FILIPE AMORIM/OBSERVADOR

"Sempre que faz uma ação para dar centralidade ao Chega, PS está a prestar um mau serviço à democracia"

FILIPE AMORIM/OBSERVADOR

Pedro Filipe Soares: “Esta forma de gerir o país empobrece a ética republicana”

Em entrevista, Pedro Filipe Soares acusa Costa de nada ter aprendido com sucessão de casos no Governo. Líder parlamentar do BE lamenta relação de PS e PSD com o Chega e mantém acusações de racismo.

Garante que o Governo tem todas as condições para cumprir a legislatura e que tem mais é de arrepiar caminho. Critica António Costa e Marcelo Rebelo de Sousa, mas também Luís Montenegro, por viverem numa “bolha política” que nada diz às pessoas, entretidos em “jogos de poder” que perpetuam as falhas crónicas do país. Não rejeita que as eleições europeias têm uma leitura nacional, mas deixam um caderno de encargos ao Governo: “Não está de férias nem  desobrigado a responder aos problemas do país”.

Em entrevista ao Observador, no final das jornadas parlamentares do Bloco de Esquerda, Pedro Filipe Soares fala também sobre o futuro de Catarina Martins, reiterando que a coordenadora do partido tem todas as “condições internas e externas para continuar”. Mas deixa duas ideias: a decisão pertence-lhe e o Bloco de Esquerda terá sempre “alternativas”. “O Bloco não se esgota em pessoas, seja dentro ou fora grupo parlamentar”, diz.
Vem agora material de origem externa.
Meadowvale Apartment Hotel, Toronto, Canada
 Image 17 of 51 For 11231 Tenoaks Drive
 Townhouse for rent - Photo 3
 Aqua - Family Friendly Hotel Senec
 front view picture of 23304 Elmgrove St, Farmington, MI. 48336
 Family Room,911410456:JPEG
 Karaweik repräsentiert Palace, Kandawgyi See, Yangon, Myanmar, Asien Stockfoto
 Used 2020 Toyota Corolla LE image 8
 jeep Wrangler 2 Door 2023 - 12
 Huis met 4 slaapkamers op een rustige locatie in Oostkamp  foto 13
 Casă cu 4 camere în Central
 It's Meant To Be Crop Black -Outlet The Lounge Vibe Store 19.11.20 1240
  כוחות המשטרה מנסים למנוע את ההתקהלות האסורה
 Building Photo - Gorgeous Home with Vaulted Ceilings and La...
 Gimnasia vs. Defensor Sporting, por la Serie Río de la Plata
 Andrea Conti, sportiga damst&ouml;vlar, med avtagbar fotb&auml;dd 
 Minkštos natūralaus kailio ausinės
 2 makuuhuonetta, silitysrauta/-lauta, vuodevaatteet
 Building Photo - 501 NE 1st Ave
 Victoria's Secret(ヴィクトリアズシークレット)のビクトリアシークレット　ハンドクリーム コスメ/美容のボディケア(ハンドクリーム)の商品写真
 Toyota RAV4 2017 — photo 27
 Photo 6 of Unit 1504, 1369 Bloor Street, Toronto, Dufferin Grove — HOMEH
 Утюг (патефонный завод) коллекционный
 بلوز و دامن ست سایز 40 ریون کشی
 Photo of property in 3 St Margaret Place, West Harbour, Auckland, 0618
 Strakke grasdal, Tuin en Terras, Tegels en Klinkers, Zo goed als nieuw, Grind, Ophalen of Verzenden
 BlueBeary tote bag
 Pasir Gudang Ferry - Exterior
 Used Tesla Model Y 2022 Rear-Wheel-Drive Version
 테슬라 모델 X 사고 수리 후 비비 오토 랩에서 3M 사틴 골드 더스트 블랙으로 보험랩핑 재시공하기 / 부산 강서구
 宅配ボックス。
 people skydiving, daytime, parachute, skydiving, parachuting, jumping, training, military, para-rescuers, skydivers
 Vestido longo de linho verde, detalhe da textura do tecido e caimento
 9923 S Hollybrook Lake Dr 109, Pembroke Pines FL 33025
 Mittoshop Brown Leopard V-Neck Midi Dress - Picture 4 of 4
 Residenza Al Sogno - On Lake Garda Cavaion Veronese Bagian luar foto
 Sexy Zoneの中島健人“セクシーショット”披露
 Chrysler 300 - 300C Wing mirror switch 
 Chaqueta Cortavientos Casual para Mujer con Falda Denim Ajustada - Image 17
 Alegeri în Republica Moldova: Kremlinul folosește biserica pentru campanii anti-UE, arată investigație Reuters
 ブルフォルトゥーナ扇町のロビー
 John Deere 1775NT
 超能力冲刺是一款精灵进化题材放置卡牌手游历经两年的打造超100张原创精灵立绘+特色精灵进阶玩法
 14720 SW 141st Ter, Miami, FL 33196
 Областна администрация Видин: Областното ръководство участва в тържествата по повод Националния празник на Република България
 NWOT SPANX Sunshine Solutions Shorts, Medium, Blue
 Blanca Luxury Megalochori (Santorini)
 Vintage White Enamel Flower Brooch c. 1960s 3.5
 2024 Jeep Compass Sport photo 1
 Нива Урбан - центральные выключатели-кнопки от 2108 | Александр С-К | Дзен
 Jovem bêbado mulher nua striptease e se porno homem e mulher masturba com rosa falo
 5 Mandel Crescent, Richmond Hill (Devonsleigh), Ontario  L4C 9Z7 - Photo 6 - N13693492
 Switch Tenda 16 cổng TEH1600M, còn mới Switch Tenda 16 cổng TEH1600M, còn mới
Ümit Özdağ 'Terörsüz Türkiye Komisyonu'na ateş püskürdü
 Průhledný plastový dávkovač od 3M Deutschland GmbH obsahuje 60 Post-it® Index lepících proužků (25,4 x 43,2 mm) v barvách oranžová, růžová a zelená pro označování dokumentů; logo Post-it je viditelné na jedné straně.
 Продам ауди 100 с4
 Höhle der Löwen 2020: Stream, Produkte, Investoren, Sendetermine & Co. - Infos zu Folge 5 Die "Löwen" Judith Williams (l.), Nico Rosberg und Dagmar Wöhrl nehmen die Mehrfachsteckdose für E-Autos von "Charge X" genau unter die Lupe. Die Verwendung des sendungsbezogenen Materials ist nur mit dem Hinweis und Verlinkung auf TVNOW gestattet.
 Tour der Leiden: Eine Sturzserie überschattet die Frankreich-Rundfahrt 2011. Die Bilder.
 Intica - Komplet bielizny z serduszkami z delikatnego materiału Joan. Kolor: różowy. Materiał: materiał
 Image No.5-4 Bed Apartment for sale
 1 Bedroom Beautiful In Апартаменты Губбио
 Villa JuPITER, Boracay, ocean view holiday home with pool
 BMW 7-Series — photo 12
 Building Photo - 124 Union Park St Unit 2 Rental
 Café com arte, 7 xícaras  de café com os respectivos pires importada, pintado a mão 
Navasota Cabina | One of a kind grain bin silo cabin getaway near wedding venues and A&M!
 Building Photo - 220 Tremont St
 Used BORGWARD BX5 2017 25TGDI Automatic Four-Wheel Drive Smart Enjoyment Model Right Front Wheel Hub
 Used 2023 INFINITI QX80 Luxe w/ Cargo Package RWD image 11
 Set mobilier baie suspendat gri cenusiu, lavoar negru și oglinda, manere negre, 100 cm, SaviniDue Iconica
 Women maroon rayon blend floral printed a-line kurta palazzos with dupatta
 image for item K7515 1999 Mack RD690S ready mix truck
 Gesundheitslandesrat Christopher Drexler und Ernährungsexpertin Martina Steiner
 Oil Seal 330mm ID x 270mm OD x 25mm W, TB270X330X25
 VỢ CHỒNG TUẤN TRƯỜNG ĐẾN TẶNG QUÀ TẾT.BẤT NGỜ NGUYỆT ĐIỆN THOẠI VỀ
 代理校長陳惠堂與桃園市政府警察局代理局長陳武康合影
O líder parlamentar bloquista critica ainda o Chega, reafirma as acusações de racismo e xenofobia que Catarina Martins fizera ao partido de André Ventura, mas centra-se sobretudo nas críticas a Montenegro e Costa. “O PSD, sempre que tem uma posição dúbia sobre a matéria, está a dar mais para a naturalização do Chega do que para a defesa da democracia. E o PS, sempre que faz uma ação para dar centralidade ao Chega, está a prestar um mau serviço à democracia.”

“Legislatura só acabará mais cedo se Governo quiser”

O Bloco passou estes dias de jornadas na rua, a acompanhar vários protestos e de vários setores. A luta passou para as ruas, agora que perderam espaço e influência no Parlamento?
Sabemos que uma maioria absoluta não se convence, vence-se. E uma forma de se vencer é com a força popular, a mobilização social. Já vimos isso em matérias que o Governo dizia que não ia rever. É com essa mobilização geral da sociedade que se consegue vencer uma maioria absoluta que tantas vezes tem estado errada.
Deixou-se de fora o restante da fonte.